Unavailability of our services

Incident Report for Batch

Postmortem

Summary

This incident relates to two seperate downtimes:

  • The first one starting at 9:54 UTC, ending at 9:57 UTC.
  • The second one starting at 10:15 UTC, ending at 10:21 UTC.

First downtime

At 09:54 UTC, our monitoring system alerted us of an increase in HTTP error rate with some of our HTTP endpoints, which was confirmed manually.

The immediate effect was that the dashboard, APIs and different webservices were unavailable.
This lasted until 09:57 UTC when the error rate dropped and all services began to recover.

This was later diagnosed as a network connectivity loss in our private network which prevented our HTTP servers from talking to our services.

Second downtime

When troubleshooting downtimes, we use a combination of external monitoring services and internal monitoring tools to get a sense of the global state of our services.
As seen above, the private network was cut and since our internal monitoring tools also use this network to do their job, they were unavailable; this meant that we didn't have a clear picture of the services state at this time.

At the time the first downtime resolved itself we still believed we were in a degraged operating state, we then decided to divert all HTTP traffic to a single cluster (instead of the two we usually use).
At 10:15 UTC, this diversion was completed, unfortunately a misconfiguration caused our HTTP servers to respond with errors instead of serving the requests.
Once we realized this we rolled back the changes and at 10:21 UTC all services had recovered.

Conclusion

We will continue to improve our reliability and incident response procedures to further mitigate and reduce incidents like this one.

Specifically related to this incident, we identified two pain points:

  • we will design a more fool-proof procedure to divert traffic to a single cluster.
  • we will improve availability and reliability of our internal monitoring tools.
Posted Feb 17, 2021 - 16:53 UTC

Resolved

All our services are operating normally again.

We identified two separate downtimes related to this incident:
* The first one starting at 9:54 UTC, ending at 9:57 UTC.
* The second one starting at 10:15 UTC, ending at 10:21 UTC.

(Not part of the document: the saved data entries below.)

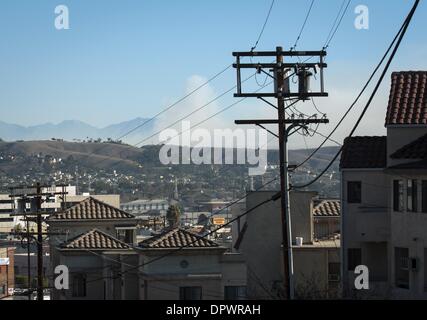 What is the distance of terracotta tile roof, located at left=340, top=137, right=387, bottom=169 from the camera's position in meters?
43.5

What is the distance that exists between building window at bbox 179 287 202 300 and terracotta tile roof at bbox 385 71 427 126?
29.9 ft

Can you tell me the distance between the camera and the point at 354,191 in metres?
43.9

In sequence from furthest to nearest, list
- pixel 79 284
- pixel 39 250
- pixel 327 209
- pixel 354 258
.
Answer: pixel 327 209
pixel 79 284
pixel 39 250
pixel 354 258

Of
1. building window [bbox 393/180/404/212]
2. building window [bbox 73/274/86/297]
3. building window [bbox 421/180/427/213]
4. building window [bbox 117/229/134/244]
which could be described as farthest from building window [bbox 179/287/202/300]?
building window [bbox 117/229/134/244]

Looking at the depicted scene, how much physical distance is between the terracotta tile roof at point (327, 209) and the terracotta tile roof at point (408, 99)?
54.3 feet

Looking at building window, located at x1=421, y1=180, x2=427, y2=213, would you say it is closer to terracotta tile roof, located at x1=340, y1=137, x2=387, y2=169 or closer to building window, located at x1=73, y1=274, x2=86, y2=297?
terracotta tile roof, located at x1=340, y1=137, x2=387, y2=169

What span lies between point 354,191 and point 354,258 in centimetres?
254

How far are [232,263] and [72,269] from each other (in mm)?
8154

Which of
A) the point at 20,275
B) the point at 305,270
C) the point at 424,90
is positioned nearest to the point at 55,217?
the point at 305,270

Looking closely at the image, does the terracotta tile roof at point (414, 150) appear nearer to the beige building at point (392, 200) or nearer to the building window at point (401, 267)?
the beige building at point (392, 200)

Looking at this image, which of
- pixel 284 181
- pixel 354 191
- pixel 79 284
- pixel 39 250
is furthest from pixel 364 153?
pixel 284 181

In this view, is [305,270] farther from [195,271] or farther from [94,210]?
[94,210]

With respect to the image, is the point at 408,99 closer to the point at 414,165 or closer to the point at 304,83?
the point at 414,165

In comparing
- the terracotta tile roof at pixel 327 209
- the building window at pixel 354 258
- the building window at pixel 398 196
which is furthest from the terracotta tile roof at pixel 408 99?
the terracotta tile roof at pixel 327 209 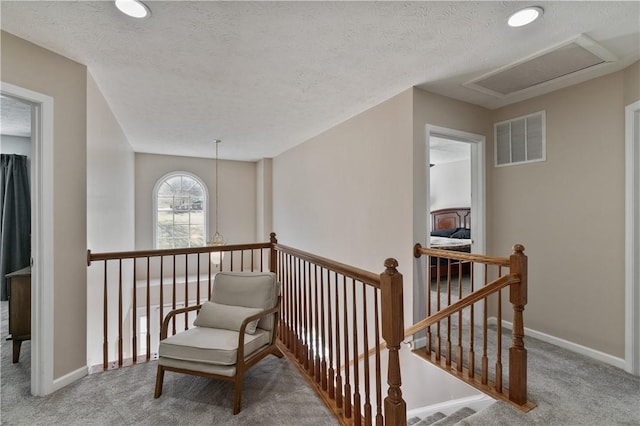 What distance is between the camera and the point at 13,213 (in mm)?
4375

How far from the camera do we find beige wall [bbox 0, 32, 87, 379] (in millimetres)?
2176

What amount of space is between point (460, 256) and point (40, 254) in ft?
10.9

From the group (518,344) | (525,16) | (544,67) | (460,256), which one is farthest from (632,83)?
(518,344)

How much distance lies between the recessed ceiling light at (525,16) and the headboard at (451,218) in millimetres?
5550

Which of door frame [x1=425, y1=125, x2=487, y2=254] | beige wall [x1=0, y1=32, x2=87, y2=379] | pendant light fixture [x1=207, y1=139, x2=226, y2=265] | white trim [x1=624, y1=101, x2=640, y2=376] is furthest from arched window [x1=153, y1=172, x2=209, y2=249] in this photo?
white trim [x1=624, y1=101, x2=640, y2=376]

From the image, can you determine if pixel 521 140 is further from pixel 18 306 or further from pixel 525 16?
pixel 18 306

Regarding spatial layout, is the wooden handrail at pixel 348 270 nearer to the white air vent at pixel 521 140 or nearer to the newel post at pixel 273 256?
the newel post at pixel 273 256

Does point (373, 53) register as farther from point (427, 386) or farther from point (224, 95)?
point (427, 386)

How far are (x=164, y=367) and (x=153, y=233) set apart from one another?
4.96m

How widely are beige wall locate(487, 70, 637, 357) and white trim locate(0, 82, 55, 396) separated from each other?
435cm

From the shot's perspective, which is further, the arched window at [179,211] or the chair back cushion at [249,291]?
the arched window at [179,211]

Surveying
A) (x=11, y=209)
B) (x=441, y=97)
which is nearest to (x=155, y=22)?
(x=441, y=97)

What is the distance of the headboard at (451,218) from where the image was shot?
697 centimetres

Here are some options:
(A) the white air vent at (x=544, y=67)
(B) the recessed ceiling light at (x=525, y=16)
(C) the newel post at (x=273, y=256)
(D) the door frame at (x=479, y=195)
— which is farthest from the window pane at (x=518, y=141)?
(C) the newel post at (x=273, y=256) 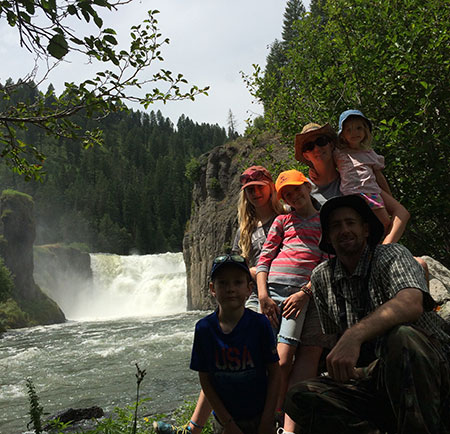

We're still investigating the root cause of this incident and will follow up with a postmortem once we have a better understanding of what happened.
Posted Feb 16, 2021 - 12:09 UTC

Monitoring

All services are available again. We continue to monitor the situation.
Posted Feb 16, 2021 - 10:38 UTC

Identified

We identified the issue and are currently working to recover all services.
Posted Feb 16, 2021 - 10:26 UTC

Update

We are continuing to investigate this issue.
Posted Feb 16, 2021 - 10:05 UTC

Investigating

We are aware that some of our services are unavailable since 09:54 UTC. We are currently investigating and will update this incident when we know more.
Posted Feb 16, 2021 - 10:02 UTC
This incident affected: MEP Core Services (Dashboard, In-app delivery, Data ingestion), Optional Services (Editorial dashboard, Inbox), [OLD_STATUSPAGE_MODEL] Webservices (Custom attributes, Web push static resources), and API ([MEP] Campaigns API, [MEP] Transactional API, [MEP] Custom Data API, [MEP] Transactional API for Partners).